Dietro la patina del prologo shockante e ammirati i disegni di una Sara Pichelli forse mai così europea nel suo stile, Spider-Man #1 di J.J. e Henry Abrams non si riesce a staccare dalle meccaniche della fanfiction. Volente o nolente, l’albo appare e si presenta come il lavoro di un ventunenne e, per quanto talento si possa avere, risulta piuttosto difficile scoprire la differenza tra scrivere ciò che si vuole e scrivere ciò che la propria storia necessita.
L’introduzione spezza violentemente il filo dalla tradizione, si stacca ciò che il lettore conosce – ma in fin dei conti presenta l’ennesima realtà alternativa che consente all’autore di liberarsi dai vincoli della continuity, scaricando un grosso peso dalle spalle degli autori.

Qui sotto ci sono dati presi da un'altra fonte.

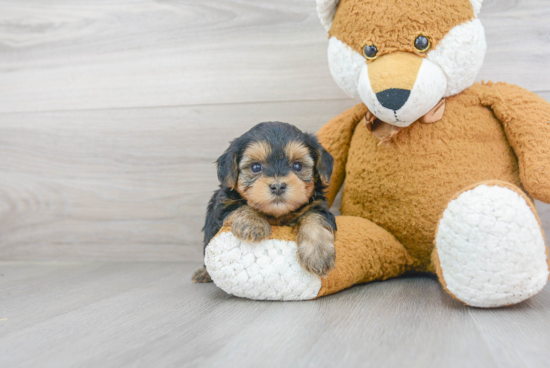 Petite Yorkie Poo Poodle Mix Pup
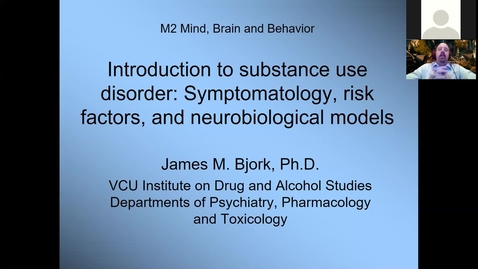 Thumbnail for 201210 - M2 - 8am - MBB - Introduction to Substance Use Disorder Symptomatology, Risk Factors, and Biological Models - Bjork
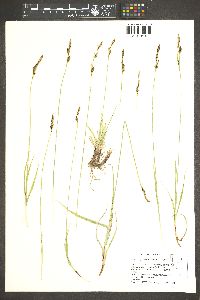 Carex holmgreniorum image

Una volta assimilate le prime dieci pagine, Spider-Man #1 diventa prevedibile, incappando in alcuni vizi di forma impossibili da evitare per un giovane scrittore, smanioso di poter mettere le mani con il giocattolo nuovo (chi non lo sarebbe, del resto). L’eccesso di entusiasmo mostrato nella prima parte non viene bilanciato nella seconda, dove i dialoghi cadono troppo spesso nello stereotipo e gli ulteriori sviluppi di trama si rivelano allo spettatore senza alcuna vera novità o forma di particolare ragionamento.  La trama, i dialoghi, persino alcune vignette e sequenze – il fumetto avviene prima nella mente del lettore e poi su carta. Ben Parker, “unico” nel suo genere, non ha origini poi così diverse da suo padre, da Miles Morales, dall’Ultimate Spider-Man di Bendis e Bagley.

Spider-Man #1 resta, per ora, una storia embrionale. La spinta del concept può catapultare J.J. Abrams ed Henry Abrams in territori completamente inesplorati, supportati da un’artista di primo livello come Sara Pichelli. La coppia padre/figlio ha un necessario bisogno di equilibrare la propria storia, tanto inattesa e sconvolgente all’inizio quanto prevedibile e by the numbers, giocata sul sicuro nelle successive venti pagine. Lo Spider-Man più importante dell’anno in casa Marvel rischia di passare inosservato e diventare “uno tra i tanti” di questo Universo, editoriale e non.